- [The data]
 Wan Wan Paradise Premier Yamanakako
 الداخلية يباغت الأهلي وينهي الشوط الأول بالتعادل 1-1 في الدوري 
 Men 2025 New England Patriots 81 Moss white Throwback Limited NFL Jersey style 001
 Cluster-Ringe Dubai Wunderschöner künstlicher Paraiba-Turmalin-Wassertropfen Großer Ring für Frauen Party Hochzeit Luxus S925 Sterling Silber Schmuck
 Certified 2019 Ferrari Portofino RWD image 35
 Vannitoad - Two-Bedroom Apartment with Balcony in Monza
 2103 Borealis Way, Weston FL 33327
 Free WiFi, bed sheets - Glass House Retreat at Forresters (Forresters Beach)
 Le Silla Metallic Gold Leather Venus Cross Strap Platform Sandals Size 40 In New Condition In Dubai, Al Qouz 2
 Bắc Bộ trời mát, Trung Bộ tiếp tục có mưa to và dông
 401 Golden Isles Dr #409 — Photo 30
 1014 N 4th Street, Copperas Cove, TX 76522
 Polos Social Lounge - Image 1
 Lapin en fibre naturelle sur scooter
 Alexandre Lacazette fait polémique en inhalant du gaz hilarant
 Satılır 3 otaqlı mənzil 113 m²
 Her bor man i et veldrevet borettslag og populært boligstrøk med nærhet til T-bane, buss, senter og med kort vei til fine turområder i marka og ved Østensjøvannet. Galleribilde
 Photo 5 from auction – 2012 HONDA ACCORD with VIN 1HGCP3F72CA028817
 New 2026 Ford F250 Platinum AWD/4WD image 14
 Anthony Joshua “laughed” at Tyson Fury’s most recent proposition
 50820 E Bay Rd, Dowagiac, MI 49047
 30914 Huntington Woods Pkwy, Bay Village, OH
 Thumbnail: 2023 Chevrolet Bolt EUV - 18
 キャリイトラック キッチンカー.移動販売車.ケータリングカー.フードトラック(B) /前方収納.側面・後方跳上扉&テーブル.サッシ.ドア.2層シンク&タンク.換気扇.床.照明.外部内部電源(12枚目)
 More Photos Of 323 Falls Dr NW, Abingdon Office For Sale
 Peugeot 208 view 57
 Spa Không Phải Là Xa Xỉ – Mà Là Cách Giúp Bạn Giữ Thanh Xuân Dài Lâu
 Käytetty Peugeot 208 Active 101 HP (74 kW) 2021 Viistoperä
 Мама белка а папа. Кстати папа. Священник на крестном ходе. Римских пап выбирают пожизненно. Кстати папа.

- [Task item]
Copy each line from the data that features the string "with".

- [Exercise response]
 Vannitoad - Two-Bedroom Apartment with Balcony in Monza
 Photo 5 from auction – 2012 HONDA ACCORD with VIN 1HGCP3F72CA028817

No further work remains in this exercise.